Task directions → From the records below, copy out exactly the lines from the one containing "a view of a" to the one containing "Architect Student Discussion", both included. Add nothing else.

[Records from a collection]
=== Section Start ===

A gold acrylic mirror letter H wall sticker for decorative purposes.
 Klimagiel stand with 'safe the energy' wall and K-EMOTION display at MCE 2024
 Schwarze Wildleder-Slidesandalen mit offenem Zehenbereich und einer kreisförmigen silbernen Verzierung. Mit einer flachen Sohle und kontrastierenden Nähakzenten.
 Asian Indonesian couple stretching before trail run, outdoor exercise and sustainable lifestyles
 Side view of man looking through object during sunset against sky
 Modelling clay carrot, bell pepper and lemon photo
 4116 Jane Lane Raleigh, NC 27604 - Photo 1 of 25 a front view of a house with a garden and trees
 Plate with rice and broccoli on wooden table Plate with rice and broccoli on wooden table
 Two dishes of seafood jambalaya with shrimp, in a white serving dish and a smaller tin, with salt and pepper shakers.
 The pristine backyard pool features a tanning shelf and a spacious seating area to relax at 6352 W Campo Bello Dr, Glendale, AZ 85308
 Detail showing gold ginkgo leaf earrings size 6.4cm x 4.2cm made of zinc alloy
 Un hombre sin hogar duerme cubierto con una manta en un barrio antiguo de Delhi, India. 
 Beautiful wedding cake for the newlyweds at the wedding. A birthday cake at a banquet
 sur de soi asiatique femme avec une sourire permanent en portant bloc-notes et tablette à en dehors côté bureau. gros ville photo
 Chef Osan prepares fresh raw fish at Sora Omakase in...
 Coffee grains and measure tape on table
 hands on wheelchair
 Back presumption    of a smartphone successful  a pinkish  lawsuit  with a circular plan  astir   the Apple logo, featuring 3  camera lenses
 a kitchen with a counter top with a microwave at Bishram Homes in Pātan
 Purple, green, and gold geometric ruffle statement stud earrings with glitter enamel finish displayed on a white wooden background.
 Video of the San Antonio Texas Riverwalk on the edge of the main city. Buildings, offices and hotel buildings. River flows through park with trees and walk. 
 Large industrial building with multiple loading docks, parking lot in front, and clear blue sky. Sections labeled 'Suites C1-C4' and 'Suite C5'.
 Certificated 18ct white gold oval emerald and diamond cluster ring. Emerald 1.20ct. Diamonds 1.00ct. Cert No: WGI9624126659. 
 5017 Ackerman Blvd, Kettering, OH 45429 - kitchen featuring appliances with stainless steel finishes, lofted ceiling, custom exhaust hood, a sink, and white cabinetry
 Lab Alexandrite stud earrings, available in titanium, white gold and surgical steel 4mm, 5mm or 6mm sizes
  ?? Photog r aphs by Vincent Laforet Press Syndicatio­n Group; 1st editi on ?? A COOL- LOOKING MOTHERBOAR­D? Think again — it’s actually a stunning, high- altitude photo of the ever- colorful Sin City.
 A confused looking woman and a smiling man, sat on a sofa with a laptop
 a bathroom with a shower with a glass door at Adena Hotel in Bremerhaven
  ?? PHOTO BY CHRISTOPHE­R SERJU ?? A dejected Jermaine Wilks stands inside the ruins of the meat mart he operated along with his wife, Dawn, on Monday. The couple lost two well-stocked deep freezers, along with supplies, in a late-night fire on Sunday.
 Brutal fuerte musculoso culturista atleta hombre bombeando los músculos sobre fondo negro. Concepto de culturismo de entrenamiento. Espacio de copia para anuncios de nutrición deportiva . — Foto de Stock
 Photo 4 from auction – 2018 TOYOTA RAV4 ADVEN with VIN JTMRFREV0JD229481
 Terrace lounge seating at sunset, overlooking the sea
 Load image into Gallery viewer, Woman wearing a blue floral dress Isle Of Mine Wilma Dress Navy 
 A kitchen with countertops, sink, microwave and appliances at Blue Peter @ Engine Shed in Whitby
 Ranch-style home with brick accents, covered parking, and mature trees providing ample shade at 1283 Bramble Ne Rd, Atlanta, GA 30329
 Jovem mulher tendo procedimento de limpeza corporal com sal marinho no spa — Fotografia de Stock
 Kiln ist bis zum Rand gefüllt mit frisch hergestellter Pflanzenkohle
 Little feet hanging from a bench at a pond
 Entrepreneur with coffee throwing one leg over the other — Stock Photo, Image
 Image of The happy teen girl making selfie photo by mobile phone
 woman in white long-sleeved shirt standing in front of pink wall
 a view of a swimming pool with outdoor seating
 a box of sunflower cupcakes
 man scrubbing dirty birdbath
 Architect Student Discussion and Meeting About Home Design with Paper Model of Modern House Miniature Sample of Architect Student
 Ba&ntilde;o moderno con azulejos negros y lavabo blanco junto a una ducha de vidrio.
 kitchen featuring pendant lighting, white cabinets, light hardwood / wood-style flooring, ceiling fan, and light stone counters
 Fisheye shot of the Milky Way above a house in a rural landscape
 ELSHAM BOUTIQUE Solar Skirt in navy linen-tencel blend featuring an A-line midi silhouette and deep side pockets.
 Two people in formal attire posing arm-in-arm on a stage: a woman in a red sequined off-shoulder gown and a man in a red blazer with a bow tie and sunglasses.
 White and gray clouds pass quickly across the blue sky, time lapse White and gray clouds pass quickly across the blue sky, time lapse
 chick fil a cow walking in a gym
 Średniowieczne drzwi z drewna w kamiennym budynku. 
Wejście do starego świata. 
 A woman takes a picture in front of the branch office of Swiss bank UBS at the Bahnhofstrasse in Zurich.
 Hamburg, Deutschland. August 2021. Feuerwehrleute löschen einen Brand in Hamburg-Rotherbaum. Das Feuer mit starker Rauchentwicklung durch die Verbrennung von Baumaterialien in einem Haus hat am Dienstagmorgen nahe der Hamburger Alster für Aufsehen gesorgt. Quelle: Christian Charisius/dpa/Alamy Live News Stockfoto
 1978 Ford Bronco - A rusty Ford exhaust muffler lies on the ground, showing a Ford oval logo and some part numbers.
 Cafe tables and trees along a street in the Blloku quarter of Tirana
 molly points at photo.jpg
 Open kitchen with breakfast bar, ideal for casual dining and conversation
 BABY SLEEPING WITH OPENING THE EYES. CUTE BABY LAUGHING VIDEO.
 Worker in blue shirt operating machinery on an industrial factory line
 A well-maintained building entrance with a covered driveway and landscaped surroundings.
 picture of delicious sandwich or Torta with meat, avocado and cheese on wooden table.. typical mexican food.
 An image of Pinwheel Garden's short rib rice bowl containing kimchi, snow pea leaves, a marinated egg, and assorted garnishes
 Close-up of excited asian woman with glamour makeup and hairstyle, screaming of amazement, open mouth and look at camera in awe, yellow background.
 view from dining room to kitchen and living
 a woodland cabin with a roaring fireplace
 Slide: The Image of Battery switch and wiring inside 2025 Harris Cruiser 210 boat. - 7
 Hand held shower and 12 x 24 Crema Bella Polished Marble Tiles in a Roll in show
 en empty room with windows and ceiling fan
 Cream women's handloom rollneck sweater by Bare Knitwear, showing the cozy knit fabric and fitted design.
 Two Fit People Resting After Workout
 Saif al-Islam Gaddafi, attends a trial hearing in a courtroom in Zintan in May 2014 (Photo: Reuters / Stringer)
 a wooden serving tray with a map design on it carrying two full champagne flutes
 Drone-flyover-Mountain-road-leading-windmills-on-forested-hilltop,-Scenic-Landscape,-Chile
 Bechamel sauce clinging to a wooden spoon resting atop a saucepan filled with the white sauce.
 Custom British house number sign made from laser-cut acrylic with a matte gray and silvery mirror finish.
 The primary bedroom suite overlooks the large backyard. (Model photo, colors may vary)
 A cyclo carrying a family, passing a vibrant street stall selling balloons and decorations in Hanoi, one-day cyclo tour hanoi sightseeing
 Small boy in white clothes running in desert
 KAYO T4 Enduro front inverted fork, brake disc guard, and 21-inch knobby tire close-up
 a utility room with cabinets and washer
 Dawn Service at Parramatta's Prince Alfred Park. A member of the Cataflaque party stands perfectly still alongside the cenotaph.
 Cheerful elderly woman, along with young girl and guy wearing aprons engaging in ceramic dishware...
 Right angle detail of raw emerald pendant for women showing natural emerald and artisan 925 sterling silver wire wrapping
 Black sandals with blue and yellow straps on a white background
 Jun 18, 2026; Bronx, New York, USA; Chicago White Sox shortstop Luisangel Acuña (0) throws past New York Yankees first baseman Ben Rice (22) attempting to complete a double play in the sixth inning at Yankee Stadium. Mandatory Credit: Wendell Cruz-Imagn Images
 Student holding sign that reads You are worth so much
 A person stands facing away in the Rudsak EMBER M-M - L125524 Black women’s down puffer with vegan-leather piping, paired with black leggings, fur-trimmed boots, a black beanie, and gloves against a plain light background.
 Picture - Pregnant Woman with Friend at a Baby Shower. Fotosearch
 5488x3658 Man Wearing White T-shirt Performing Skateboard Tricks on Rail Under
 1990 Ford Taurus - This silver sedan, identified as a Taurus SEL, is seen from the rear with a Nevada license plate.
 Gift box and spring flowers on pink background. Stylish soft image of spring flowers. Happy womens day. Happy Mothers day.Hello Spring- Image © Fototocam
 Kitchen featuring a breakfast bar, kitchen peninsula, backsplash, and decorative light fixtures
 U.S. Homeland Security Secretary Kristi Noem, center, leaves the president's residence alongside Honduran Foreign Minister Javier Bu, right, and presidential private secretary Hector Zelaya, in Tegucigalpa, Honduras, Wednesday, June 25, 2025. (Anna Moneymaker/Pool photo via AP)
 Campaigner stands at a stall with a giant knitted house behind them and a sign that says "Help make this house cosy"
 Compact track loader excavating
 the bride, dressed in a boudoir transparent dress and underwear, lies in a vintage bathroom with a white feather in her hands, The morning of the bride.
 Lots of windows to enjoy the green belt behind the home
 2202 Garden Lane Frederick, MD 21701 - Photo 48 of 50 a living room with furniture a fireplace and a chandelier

=== Section End ===

Solution for this task →
 a view of a swimming pool with outdoor seating
 a box of sunflower cupcakes
 man scrubbing dirty birdbath
 Architect Student Discussion and Meeting About Home Design with Paper Model of Modern House Miniature Sample of Architect Student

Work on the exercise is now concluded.